Skip to main content

About the Informatica Cloud Data Integration (CDI) collector

Important

This collector is available in Private Preview. If you would like access to this collector, please contact your Customer Success Director.

The Informatica CDI collector harvests metadata from Informatica Cloud Data Integration (CDI) such as tasks, mappings, mapplets, taskflow, workflows, and connections.

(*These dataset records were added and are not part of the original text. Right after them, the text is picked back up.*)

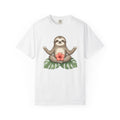 Sloth Yoga Shirt Animal Unisex Gift Whimsical Tee Slow product image 1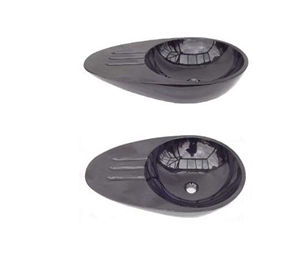 Shanxi Black Pearl Granite Hand Basin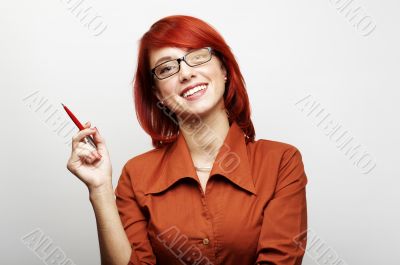 Business Woman Portrait
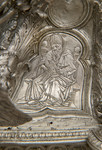 Placchetta raffigurante Sant'Agostino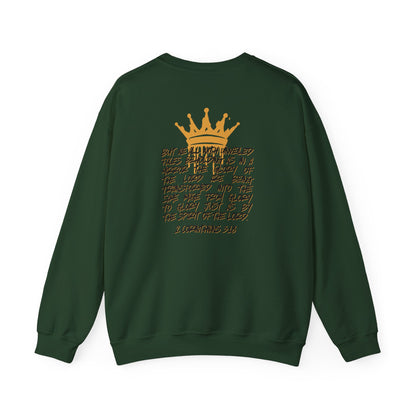Glory To Glory Inspirational Apparel with 2 Corinthians 3:18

The collector harvests lineage information between database tables, columns, S3 Objects, and Azure BLOBs from connections, task targets, and sources.

Note

The latest version of the Collector is 2.237. To view the release notes for this version and all previous versions, please go here.

What is cataloged

The collector catalogs the following information.

Note

Cataloging of the Python transformation is not supported.

Table 1.

Object

Information cataloged

Mapping task

ID v2, ID v3, Title, Description, Path, Description, Update By, Update Time, Created By, Create Time, Parameter File Name, Parameter File Type, Tag, Is Valid Mapping Task

Dynamic mapping task

ID v2, ID v3, Title, Description, Path, Description, Update By, Update Time, Created By, Create Time, Parameter File Name, Parameter File Type, Tag, Is Mapping Task Valid

Masking task

ID v2, ID v3, Title, Description, Path, Description, Update By, Update Time, Created By, Create Time, Parameter File Name, Parameter File Type, Tag, Source Object Name, Target Operation

Data transfer task

ID v2, ID v3, Title, Description, Path, Description, Update By, Update Time, Created By, Create Time, Parameter File Name, Parameter File Type, Tag

Replication task

ID v2, ID v3, Title, Description, Path, Description, Update By, Update Time, Created By, Create Time, Parameter File Name, Parameter File Type, Tag, Table Prefix

Synchronization task

ID v2, ID v3, Title, Description, Path, Description, Update By, Update Time, Created By, Create Time, Parameter File Name, Parameter File Type, Tag, Operation, Target Object, Preprocessing Command, Postprocessing Command

Power Center task

ID v3, Title, Description, Path, Description, Update By, Update Time, Created By, Create Time, Tag

Mass injection task

ID v3, Title, Description, Path, Description, Update By, Update Time, Created By, Create Time, Tag

Mapping

ID v2, ID v3, Title, Description, Path, Description, Update By, Update Time, Created By, Create Time, Is Mapping Valid

Mapplet

ID v2, ID v3, Title, Description, Path, Description, Update By, Update Time, Created By, Create Time

Taskflow

ID v2, ID v3, Title, Description, Path, Description, Update By, Update Time, Created By, Create Time

Workflow

ID v2, ID v3, Title, Description, Path, Description, Update By, Update Time, Created By, Create Time

Connection

ID v2, ID v3, Title, Description, Update By, Update Time, Created By, Create Time, Service URL, Account User Name, Account Name, Informatica Type, Informatica Subtype, Authentication Type, Client ID

JDBC connection (Redshift, MS SQL Server, Netezza, Snowflake, MySQL, Oracle, Postgres, Teradata)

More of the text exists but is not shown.